Following up on an article in their November issue, representatives from Collaborative Magazine came to a video shoot for my Local Musician Choreography Class. The photographer said to me: “I’ve been watching, and this is incredible. I mean, you give them the choreography but, at some point, it’s out of your hands.” He marveled at the fact that every dancer was expressing the same movement in such unique ways and, in his observation, concluded that once I delivered the choreography I had to essentially, in a sense, let go.
Having never thought of my work this way, when his words made their way to my ears, I saved them for later reflection. I needed to process, and because of the regard I have for their speaker, I sensed that his words carried a secret for me to unlock. The words were easy to understand, but what did they really mean in the context of my potential to work within my craft?
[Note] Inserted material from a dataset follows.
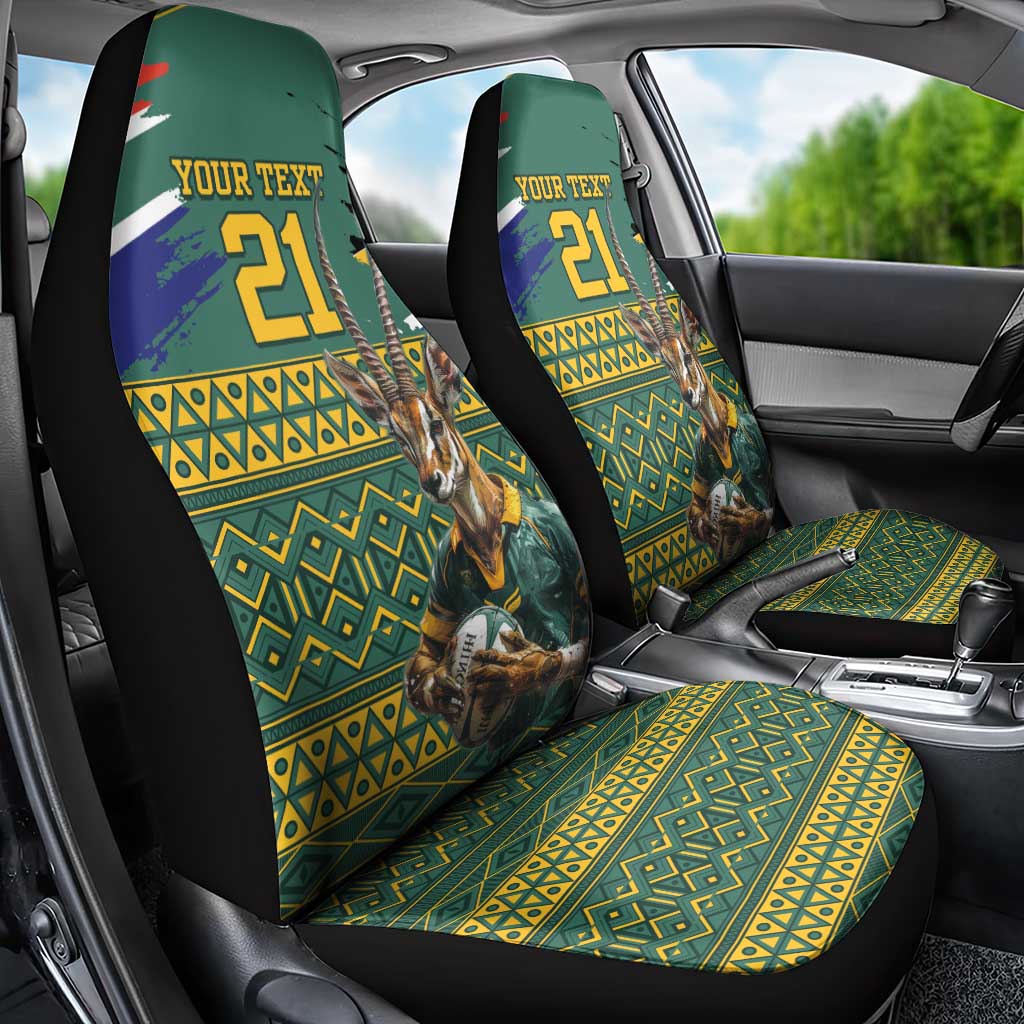 Custom South Africa Rugby Bokke Mascot Car Seat Cover With Flag Style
How can I actively employ them to impart greater value to the varying ways in which people bring my pieces to life, enhancing our process and outcome?
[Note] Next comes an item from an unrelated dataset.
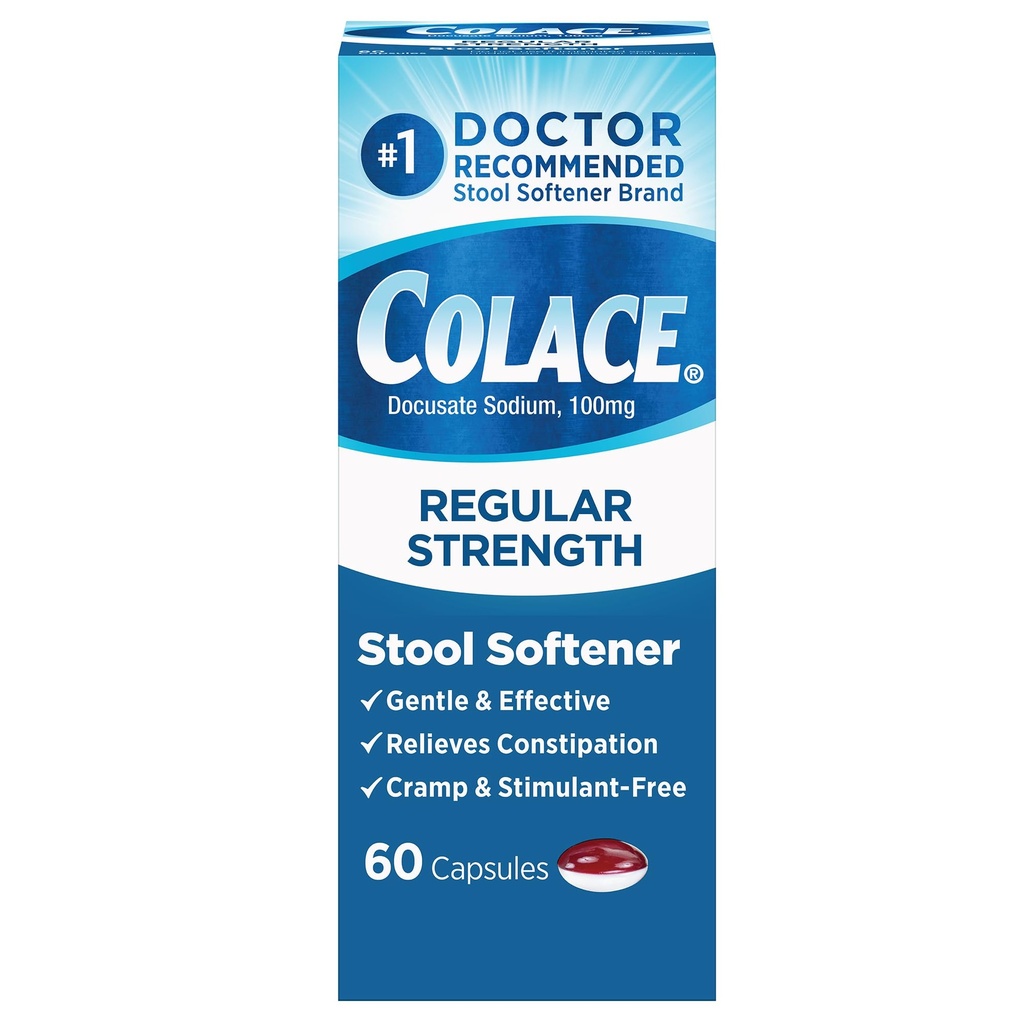Colace 일정한 힘 발판 연화제 100 mg 캡슐 Gentle를 위한 60 조사 Docusate 나트륨 발판 연화제 의존할 수 있는 기복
On the day prior to this, I announced to my previous dance company that I would not be returning as Artistic Director for a second season. So, on that night, seeing most of them for the first time since telling them the news, my emotions were running very high. I was feeling insecure and uncertain about what was next. Was I good enough? Would I be good enough if I tried another venture in the future? Would they be mad? Did they feel abandoned? Would they want to dance with me again? Was I only good because of them? Did I make the right decision? What did I learn from this experience, and what would I do the same, what would I change? So, his words to me only one day later, had an impact I don’t think he could’ve anticipated they would have- and on a night I perhaps needed to hear them the most.
I took about a month to mourn and reflect on leaving the dance company before seriously considering new ideas; one of them being to expand my work with local musicians. A conversation with Girl Blue over coffee one day, where I shared my rough-around-the-edges idea, confirmed that I should venture into the next chapter. She was enthusiastic with me, and we brainstormed ideas for the dance company. Synergia Dance Project was soon born. This is really when the photographer’s words to me on that December night started to live.
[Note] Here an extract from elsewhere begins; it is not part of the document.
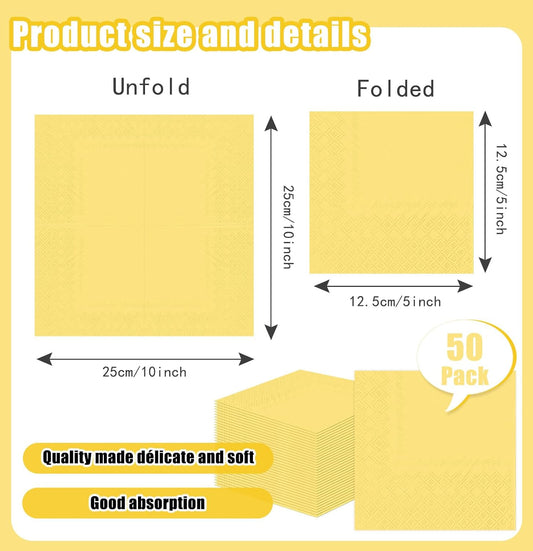 50 Pieces Yellow Napkins Disposable 3-Ply Yellow Cocktail Napkins Paper Dinner Napkins for Birthday Baby Shower Wedding Party Beverage Napkin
For this new experience I decided to embrace his observation. It was clear that the way I did things before didn’t work for me, so what did I have to lose by doing things differently? Trusting his words, I began to actively embrace a certain amount of “letting go,” reminding myself and becoming excited that I was intentionally surrounded with artists who had incredible things to offer that I couldn’t even begin to imagine and that, if I held on too tightly, I would never get to see.
This is what I do now, even though I’m still learning how much, and when, to let go a bit. The results have been beyond what I could’ve hoped for. We talk about the concept, story, and vision for the piece and when I’m stuck for what to do next, where to take the piece, or anything else, I ask for their input. Often, I even go into my classes and rehearsals without solid choreography prepared, trusting our natural tendencies, skills, experiences, and personalities will guide the tangible parts of our process - while holding tightly onto the core concept and story.
I’m surrounded by people whose talent, experience, and intentions I hold in high regard. They are my friends, colleagues, fellow artists, students and teachers. It’s important to acknowledge that if you are going to surround yourself with highly qualified people who have tremendous insight and talent, not to stifle it with ego or fear. Trust that you wanted them to be part of your process for what they have to offer and allow yourself to learn and grow together. If you let some things get “out of your hands” now and then, not only will you refine your instincts and enhance your craft, you’ll produce a caliber of something you could never have done alone.